The variation in time reported might be attributable to cultural differences in reckoning (Roman vs. Jewish, or such like) the hours.

Luke's "sixth to ninth" hours is most likely noon to three PM by modern reckoning. Mk.15:25 probably indicates he was lifted up about 9:00AM.

Jn.19:14 "the sixth hour" is stated with less specificity than Mk.'s reference. It _could_ refer vaguely to simply a late morning, approaching middle of the day (by the standard of the other notices). Arguing against that view, the scene described is still the courtroom. It's an odd place in the narrative to insert such a time; and besides, if John was both an eyewitness to the events, nearly from start to finish; as well as being familiar with the "synoptic" account, it strains credulity that he would so awkwardly put "the sixth hour" (by the same synoptic reckoning) without it having specific purpose.
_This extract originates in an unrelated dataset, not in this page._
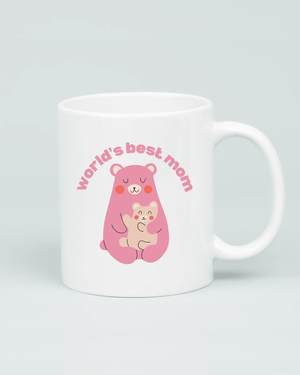 Mama Bear - Worlds Best Mom Mug - Aviza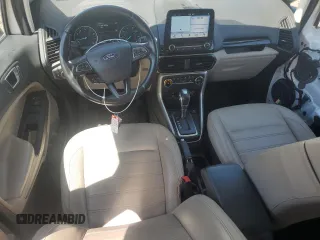 2018 Ford EcoSport Titanium z VIN MAJ6P1WL6JC171564, wystawiony jako Copart lot #57250695 z przebiegiem 63 805 mil mil oraz Szkoda całkowita • Salvage title. Historia ofert i sprzedaży dostępna na DreamBid. Obrazek 8.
Jn.18:28 says that Jesus was delivered over "early in the morning," the c0ck was just crowing (v27), and the Romans (according to some commentators) would typically begin their administrative duties comparatively early (to modern business hours); maybe as early as 4:00AM by modern reckoning. I've read one commentator who supposed John might well have gained access to official Roman records, and so used time references that corresponded to what others could verify for apologetic value. As Roman hours were marked from midnight, "the sixth hour" would correspond fairly well to a modern 6:00AM, or thereabouts. It might have been nearer 6:00AM when the whole Roman ordeal began, and later on still relatively close; but it would not be mid-morning (or @ 9:00AM) and time for the wood and nails for a while yet, after dismissal (v16), preparation, and a long walk (v17).


----------



## PuritanCovenanter (Oct 3, 2013)

If I remember correctly, J. C. Ryle gives a great answer to this in his commentary on the Gospel of John. I will have to go look at that again. He also does a good job on the various chronological orders surrounding the resurrection if I remember correctly. Off to the Dr's office for a visit. I will reexamine what Ryle notes. This is off the top of my head.


----------



## THE W (Oct 3, 2013)

Just for clarification, when we ask when Jesus was crucified are we talking about when He died on the cross or when He was put on the cross?

EDIT:

After googling for answers to this "tention" i would conclude that Jesus was put on the cross at 9am thursaday as Mark 15:25 states.

John 19:14 doesnt say that Jesus was crucified at the sixth hour. rather He was being ridiculed by Pilate and the crowd. 3 hours later they hung Him on the tree.

Mark and Luke go by the jewish timeline where the day starts at 6am while John follows the roman timeline that starts at 12am. when John says "sixth hour" he means 6am. John, unlike Mark, doesn't give an exact time when Jesus was crucified. John just gives us the time for when he was with Pilate and the events leading up to Him finally being crucified.


----------